Consider the following x64 code, produced by clang:
mov rax, qword ptr [rsi] ; 1
mov rdx, qword ptr [rip + hash_mult] ; 1
imul rdx, qword ptr [rax - 8] ; 2
movzx ecx, byte ptr [rip + hash_shift] ; 1
shr rdx, cl ; 3
mov rax, qword ptr [rip + vptrs] ; 2 - or 3 ???
mov rax, qword ptr [rax + 8*rdx] ; 4
mov rcx, qword ptr [rip + slots_strides] ; 1
mov rax, qword ptr [rax + 8*rcx] ; 2
jmp rax ; 5
I have two questions.
Can I assume that the lines marked with the same ordinal can and will be executed in parallel?
What's with the byte ptr
used by the movzx
instruction? Does it indicate poor alignment?
Your analysis is almost correct. The instruction mov rax, qword ptr [rip + vptrs]
can also execute as early as group 1—register renaming uncouples instructions from the names of the registers they use.

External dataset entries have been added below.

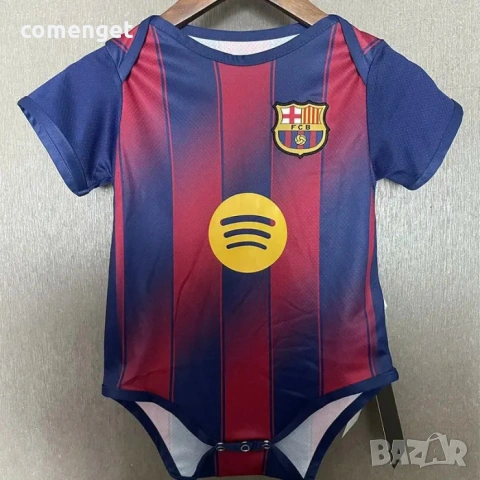 БЕБЕШКИ бодита AL NASSR RONALDO, MESSI MIAMI, REAL MADRID, BARCELONA, JUVENTUS, MILAN, PSG, INTER!, снимка 3 - Бодита за бебе - 53760328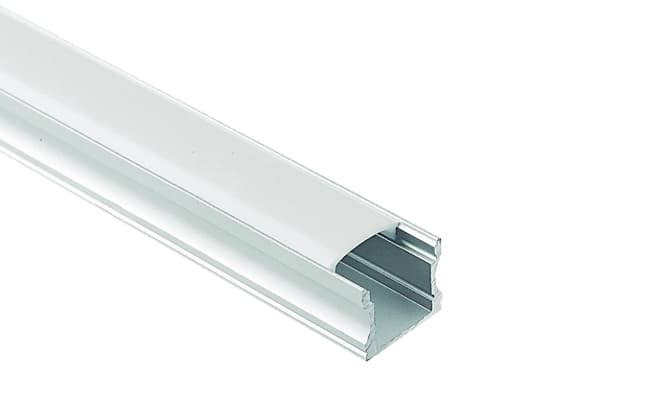 PERFIL SOBREPUESTO PARA CINTA LED RECTO 17.3x14.5 MM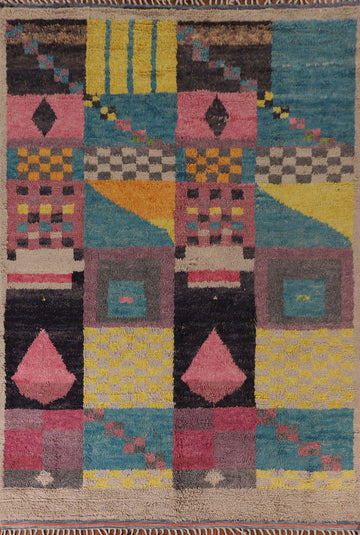 Geometric Plush Moroccan Oriental Area Rug 8x11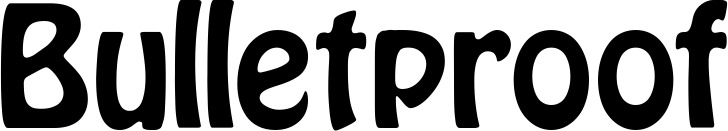Vorschau des Bootsnamens "Bulletproof" als Schriftzug für "Bootsbeschriftung Fett 01"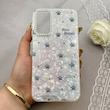 قاب گوشی Galaxy A15 سامسونگ ماربل یخی HARD IMD محافظ لنز نگین دار لاکچری پنجه کد 152462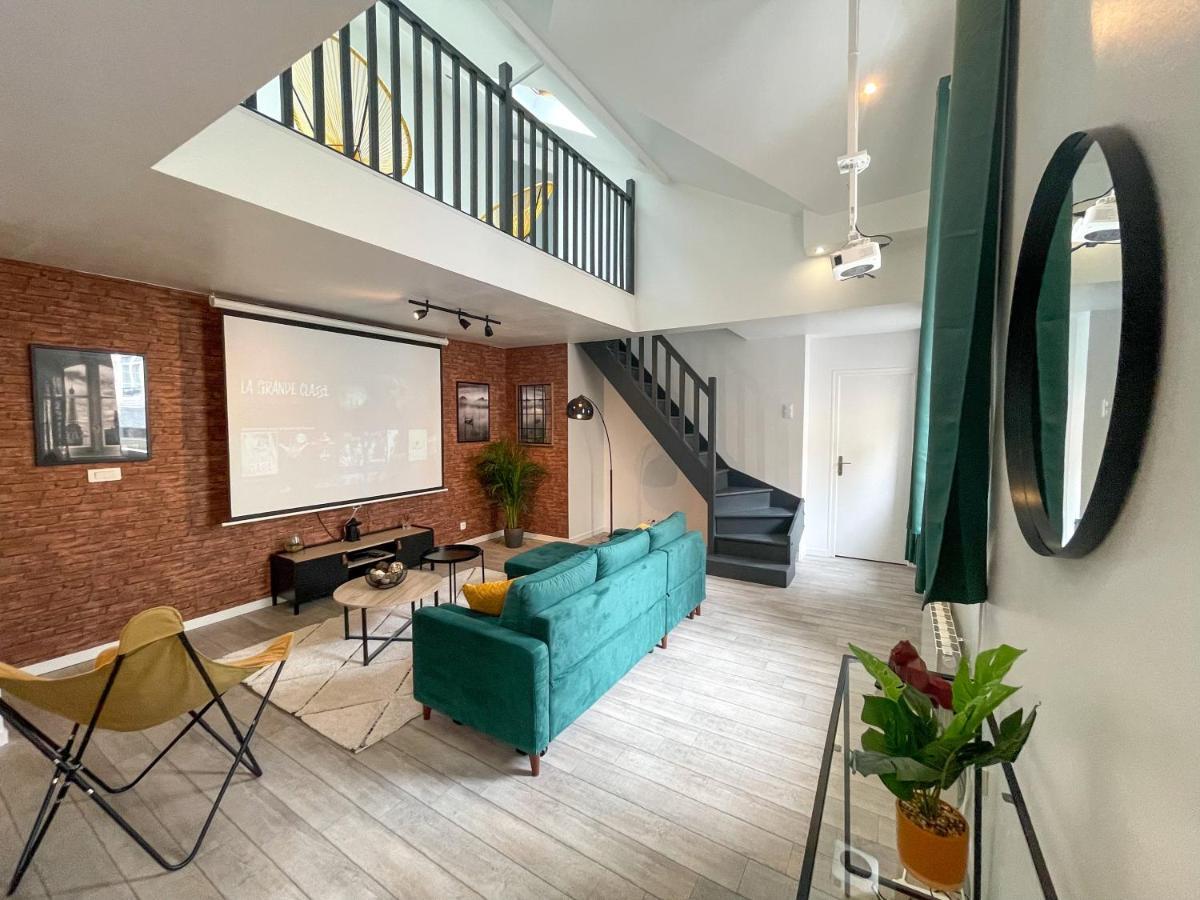 Superbe appartement-Sauna-Cinéma-Parking-Gare Amiens Extérieur photo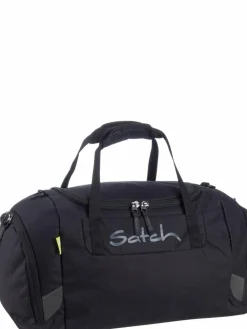 satch Mädchen<Kinder Reisetasche - Sporttasche schwarz uni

Note that the actual order in which the instructions are executed depends on the specific microarchitecture used. Use a tool like uiCA to analyse this. (https://uica.uops.info/)
The byte ptr
phrase indicates that the operand is a pointer to a byte, as opposed to a pointer to a quadword as with the other operands.